[Opening RECORDS FOR THE EXERCISE section]
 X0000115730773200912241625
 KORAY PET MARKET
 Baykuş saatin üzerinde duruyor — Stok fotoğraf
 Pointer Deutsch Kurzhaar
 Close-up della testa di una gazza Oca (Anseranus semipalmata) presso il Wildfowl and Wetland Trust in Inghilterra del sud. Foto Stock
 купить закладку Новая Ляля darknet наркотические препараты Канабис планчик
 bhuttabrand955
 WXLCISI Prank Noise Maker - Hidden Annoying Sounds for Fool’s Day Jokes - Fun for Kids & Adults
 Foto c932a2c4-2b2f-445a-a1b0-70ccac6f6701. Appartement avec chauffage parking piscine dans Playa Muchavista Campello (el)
[Closing RECORDS FOR THE EXERCISE section]
[Opening RECORDS FOR THE EXERCISE section]
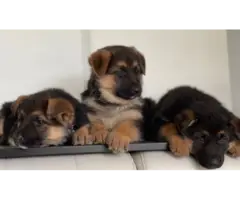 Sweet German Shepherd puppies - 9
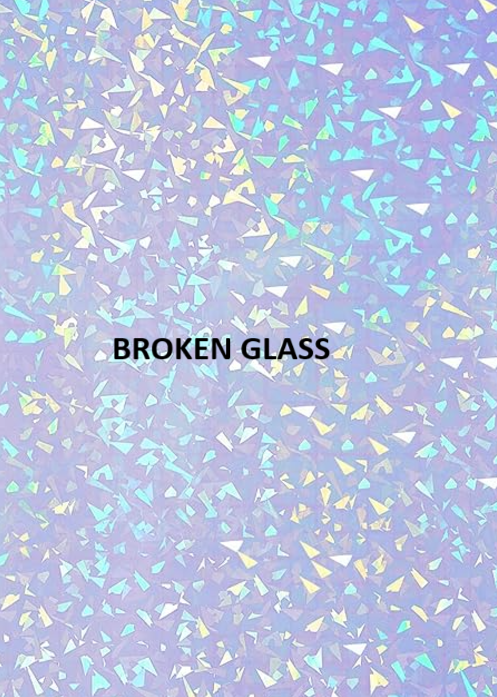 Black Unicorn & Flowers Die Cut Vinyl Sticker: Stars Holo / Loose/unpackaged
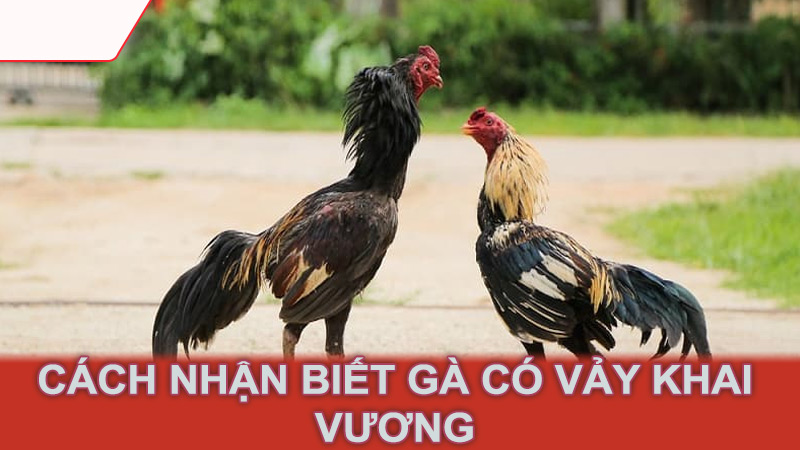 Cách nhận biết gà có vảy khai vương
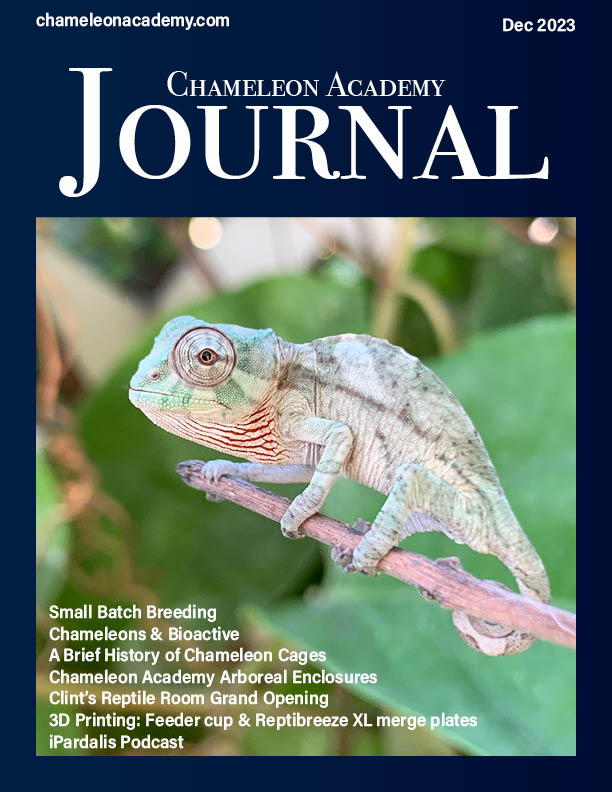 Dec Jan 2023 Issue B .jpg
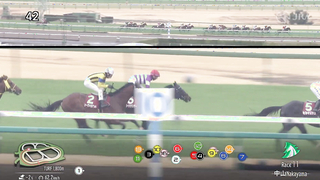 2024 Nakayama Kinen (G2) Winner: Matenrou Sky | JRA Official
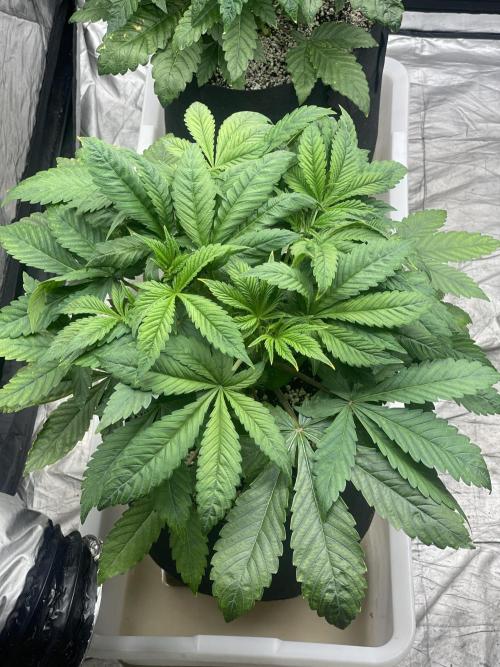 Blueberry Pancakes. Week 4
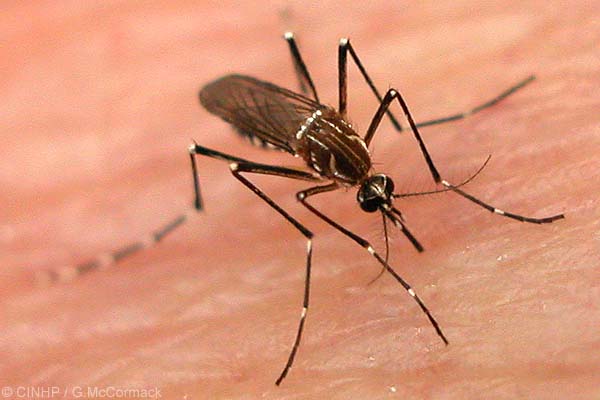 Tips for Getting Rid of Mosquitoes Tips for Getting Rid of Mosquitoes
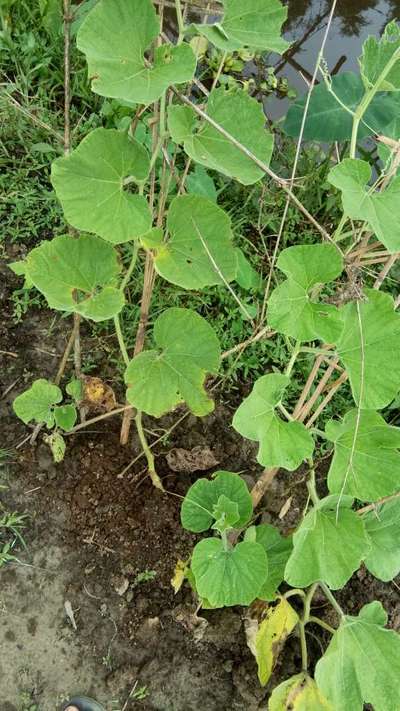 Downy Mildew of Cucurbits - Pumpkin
[Closing RECORDS FOR THE EXERCISE section]
The range runs from the line above containing "X0000115730773200912241625" to the line containing "Foto c932a2c4-2b2f-445a-a1b0-70ccac6f6701. Appartement", inclusive. Restate those lines word for word and no others.

 X0000115730773200912241625
 KORAY PET MARKET
 Baykuş saatin üzerinde duruyor — Stok fotoğraf
 Pointer Deutsch Kurzhaar
 Close-up della testa di una gazza Oca (Anseranus semipalmata) presso il Wildfowl and Wetland Trust in Inghilterra del sud. Foto Stock
 купить закладку Новая Ляля darknet наркотические препараты Канабис планчик
 bhuttabrand955
 WXLCISI Prank Noise Maker - Hidden Annoying Sounds for Fool’s Day Jokes - Fun for Kids & Adults
 Foto c932a2c4-2b2f-445a-a1b0-70ccac6f6701. Appartement avec chauffage parking piscine dans Playa Muchavista Campello (el)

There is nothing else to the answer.